Well, I'll randomly continue.
Have you ever noticed that Paul NEVER mentions the Law of Moses in this letter we call 1st Corinthians? He's certainly having to deal with problems in the church that are grievous in nature such as drunkenness, arguing over who had been the greatest pastor, [ Paul, Peter, or Apollos] suing one another in courts of law and then there was that immoral situation they were not dealing with at all, and proud they were not as if it were a badge of honor that they were permissive.
In fact, the ONLY time Paul used the Law of Moses in his arguments for pure living was when he challenged the legalists who needed to be shown that even the law itself could not be kept in an effort to be holy. He NEVER used the law of Moses, even the ten commandments, as a standard to hold up for New Covenant behavior.

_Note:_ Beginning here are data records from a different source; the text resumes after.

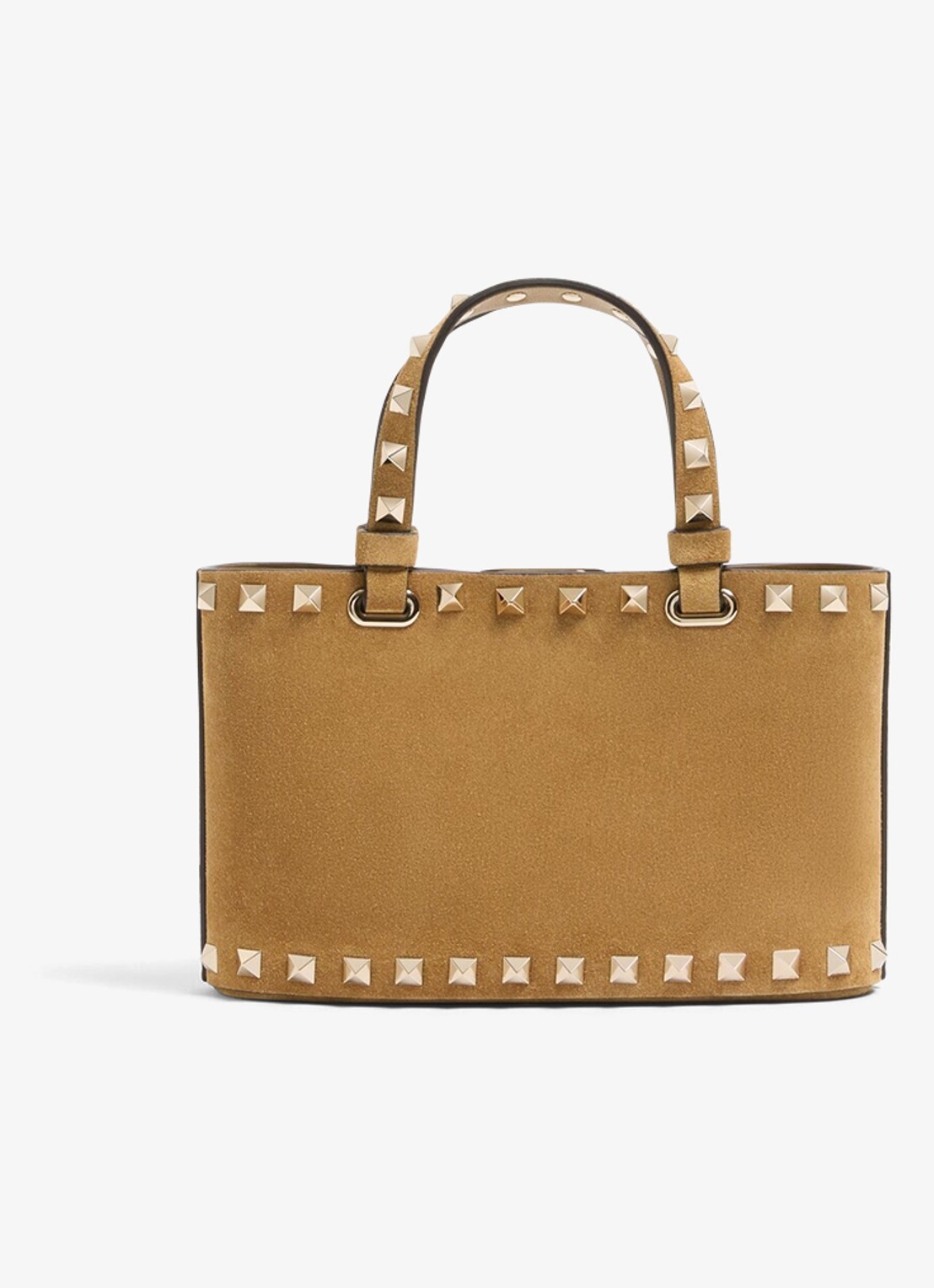 Valentino Garavani Rockstud mini handtas van suède - achterkant camel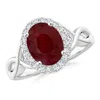 Angara Gia Certified Oval Ruby Infinity Ring With Diamond Halo In White Gold/medium Pinkish Red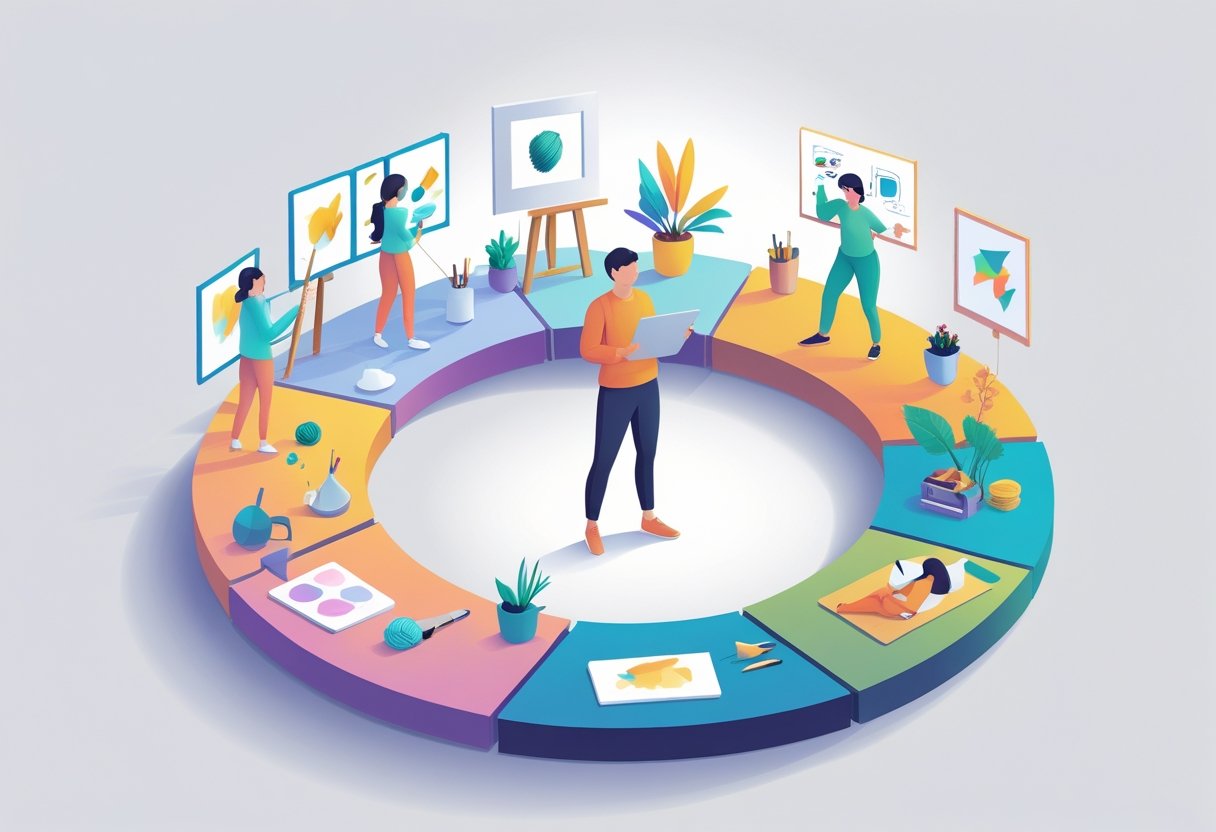 A person surrounded by various hobby items arranged in a circle, showing older and newer hobbies like painting, knitting, digital drawing, yoga, and gardening.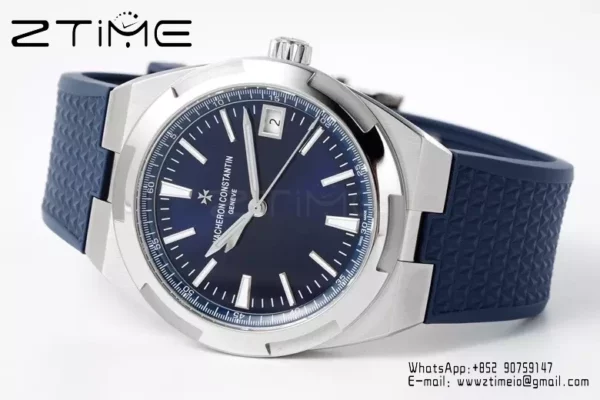 VC Overseas 4500V SS ZF 1:1 Best Edition Blue Dial on Blue Rubber Strap A5100 - Super Clone Watch | 1:1 Best Version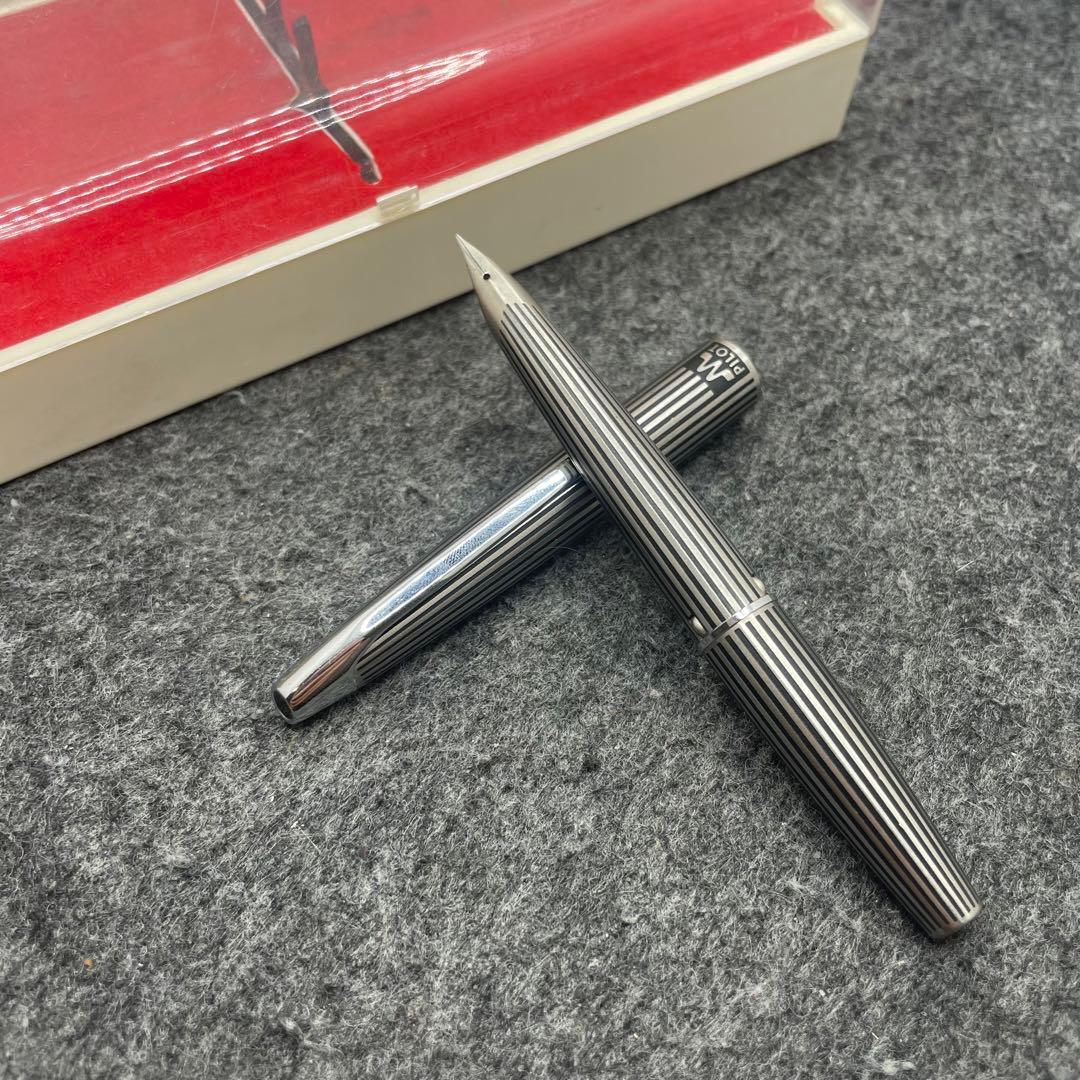 ★PE576□PILOT μ パイロット ミュー ストライプ 箱付き 万年筆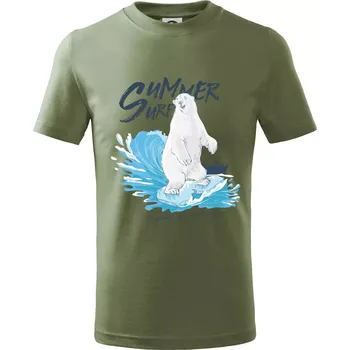 Medvěd surfař - Tričko dětské bavlněné - 104-110cm / 3-4 roky ( Khaki )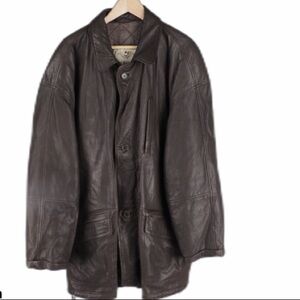 Vintage Striwa Lambskin Leather Coat size XL brown RARE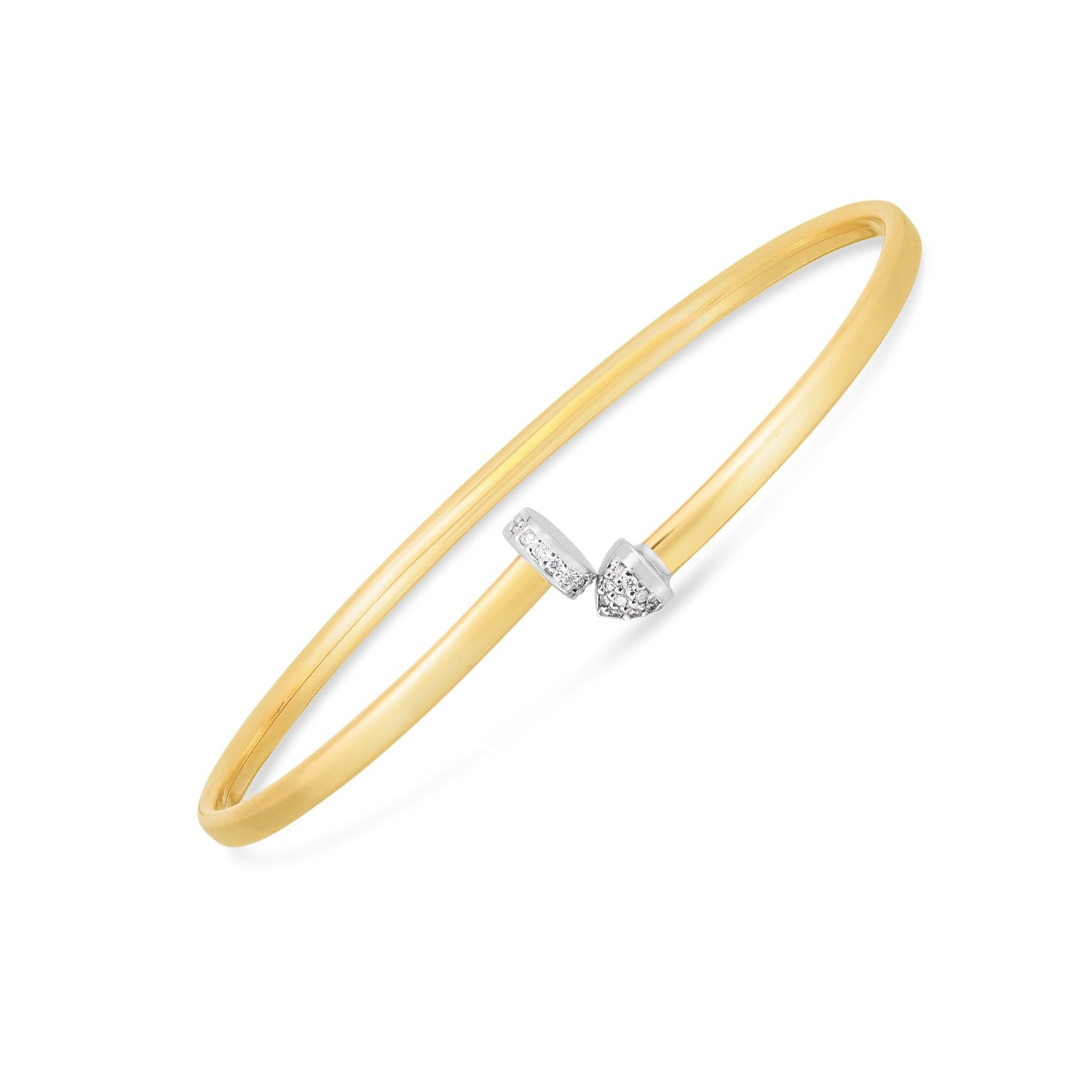 14k Two Tone Gold Diamond Hardware Bangle (3.00 mm) in a sleek high-contrast midnight luxury editorial style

He did use the wisdom of God in the mystery of the gospel to show how shallow and foolish the wisdom of man was in dealing with real life. Paul seemed to have recognized that the Corinthians, who were basically Gentiles with only a few Jewish people, were more philosophers than anything else. Phileo means "love" and "Sophia" means wisdom in Greek, so he recognized they were lovers of wisdom in their culture and he moved right into their way of thinking to challenge them with the gospel which they considered to be foolish of course.
This shows me two things immediately.
One is that Paul was willing to engage the culture of his day and wasn't angry toward it or did not rail against it as if it were some kind of witchcraft at work against the gospel. He recognized its weaknesses and its inability to speak to the deepest problems and need of the human race, namely dealing with the fallen and hopeless nature of the human condition, but had no real answers. The wisdom of God seen in the gospel does have answers, however. Paul thought so at least. I do too.
The second thing I see is that Paul had a CONFIDENCE in the ability of the gospel to "cut to the heart" and to make true believers out of foolish and lost people without the law of Moses being the basis for bringing conviction. He thought there was something REALLY powerful in the gospel message itself.
Maybe we need to trust the Holy Spirit's power and ability to take in His hands the foolishness of sharing the true gospel of Christ as the tool for bringing conviction, light and understanding to the people of any culture who have no reference to the religious background of the Old Testament most of us have.
Do you suppose Paul had it right when he said, "For I determined not to know anything among you except Jesus Christ and Him crucified....My speech and my preaching were not with enticing words of man's wisdom, but in the demonstration of the Spirit and of power..." [The gospel]
May we go and do likewise. Just some random thoughts.